Il bambino e la luna
Lo stagno.
La cima delle canne buca la foschia, spilli dritti sulla nebbia densa. Odore di escrementi di uccello e solitudini. La luna piena, poche stelle, un sottofondo di rane e grilli.
Il bambino ha il viso viola, segnato dal fango che puzza di fogna, la bocca socchiusa, senza incisivi. Con l’unghia del mignolo si pulisce gli occhi dalle cispe.
Muove passi lenti tra le pietre umide sulla riva, i piedini scalzi che affondano nella melma.
Tra lui e lo spirito una distanza di pochi metri. Il bambino cammina piano, respira con calma, non fa rumore.
Lo spirito segue il volo delle zanzare, gli dà le spalle, non si è accorto di nulla.
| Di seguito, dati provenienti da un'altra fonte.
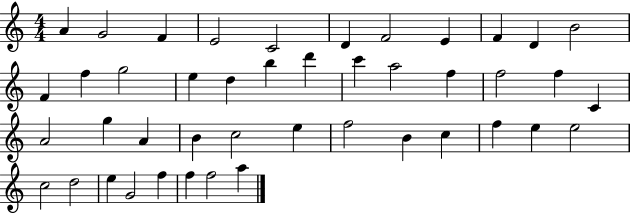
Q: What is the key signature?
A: C major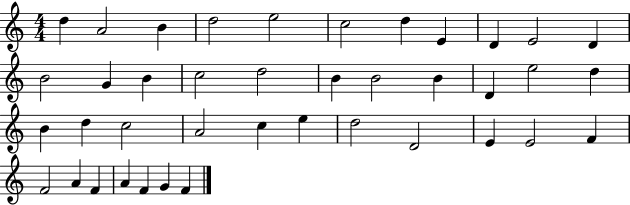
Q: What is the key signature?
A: C major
Ogni tanto si stringe nel mantello logoro, reprime un brivido di freddo e tossisce.
La luna scompare dietro una nuvola e il bambino si ferma: troppo buio.
Sente il rantolare dello spirito, ne sente la puzza di urina, il tossire sommesso. Stringe i denti, si fa guidare dai suoni, dal naso. Riprende a camminare.
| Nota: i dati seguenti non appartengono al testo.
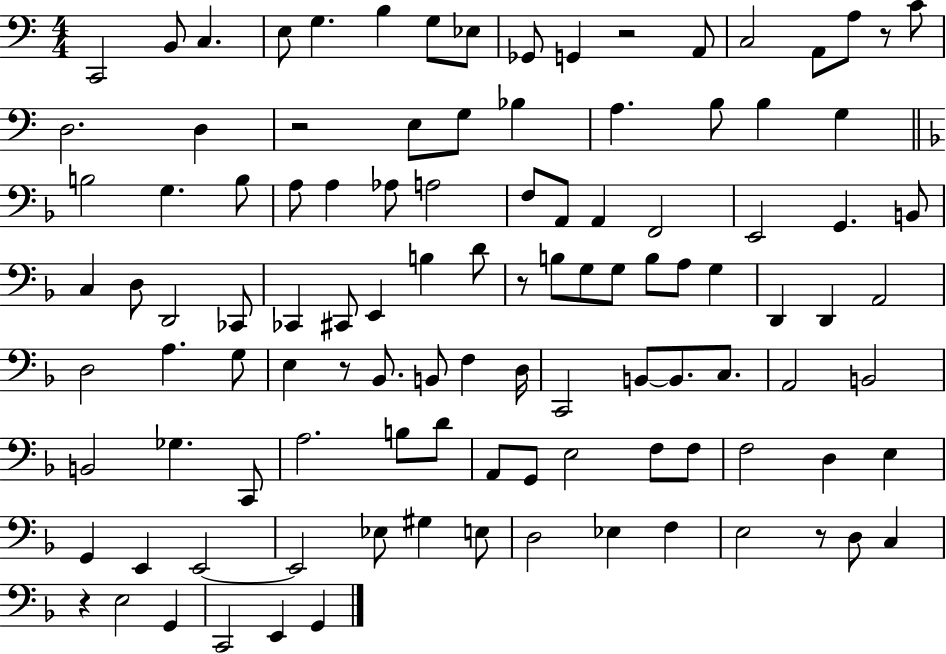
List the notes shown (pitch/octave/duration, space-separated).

C2/h B2/e C3/q. E3/e G3/q. B3/q G3/e Eb3/e Gb2/e G2/q R/h A2/e C3/h A2/e A3/e R/e C4/e D3/h. D3/q R/h E3/e G3/e Bb3/q A3/q. B3/e B3/q G3/q B3/h G3/q. B3/e A3/e A3/q Ab3/e A3/h F3/e A2/e A2/q F2/h E2/h G2/q. B2/e C3/q D3/e D2/h CES2/e CES2/q C#2/e E2/q B3/q D4/e R/e B3/e G3/e G3/e B3/e A3/e G3/q D2/q D2/q A2/h D3/h A3/q. G3/e E3/q R/e Bb2/e. B2/e F3/q D3/s C2/h B2/e B2/e. C3/e. A2/h B2/h B2/h Gb3/q. C2/e A3/h. B3/e D4/e A2/e G2/e E3/h F3/e F3/e F3/h D3/q E3/q G2/q E2/q E2/h E2/h Eb3/e G#3/q E3/e D3/h Eb3/q F3/q E3/h R/e D3/e C3/q R/q E3/h G2/q C2/h E2/q G2/q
La nuvola libera la luna, lo spirito è a meno di un metro. Ha gli occhi rossi, fulmini di vene amaranto, un tramonto nel bulbo oculare. Fissa il bambino, senza paura.
- Alla fine mi hai trovato…
Ha una voce da vinile graffiato.
Il bambino annuisce e si pulisce il moccio con il dorso della mano.
- Vuoi ancora uccidermi?
Il bambino alza il viso e controlla la luna. La immagina di formaggio, poi d’argento. Ne vede gli abitanti: omini verdi che fanno salti lenti e lunghissimi. Abitano in case di cristallo, mangiano degli ortaggi verde bottiglia, hanno uno spiccato senso dell’umorismo. Sbatte le palpebre, la luna è sempre là. Ne sente il profumo di cielo, la fragranza che milioni di notti le hanno dato, la sente piangere, ridere, vivere. La luna racconta di storie d’amore, di violenze, di guerre, di amicizie. La luna gli sorride.
Il bambino sputa per terra.
- Sì. Voglio ucciderti.
- Non mi lamento, è un buon posto per morire.
Il bambino fruga nelle tasche della salopette ed estrae un coltello da cucina. Lo spirito mostra il collo, la giugulare pulsa.
- Posso sapere almeno il perché?
Il bambino vede il pomo d’Adamo dello spirito salire e scendere.
- Perché sono stufo stramarcio di essere strano.
- Sono solo la tua fantasia, ripensaci, se…
Il bambino chiude gli occhi e colpisce. Un fiotto di sangue macchia i massi.
Ora lo stagno è scomparso, c'è solo il bagno di casa, con le piastrelle azzurre e la specchiera appannata. Esce dalla vasca e si asciuga.
Dalla finestra può vedere la luna: una palla di roccia insulsa sospesa nel cielo.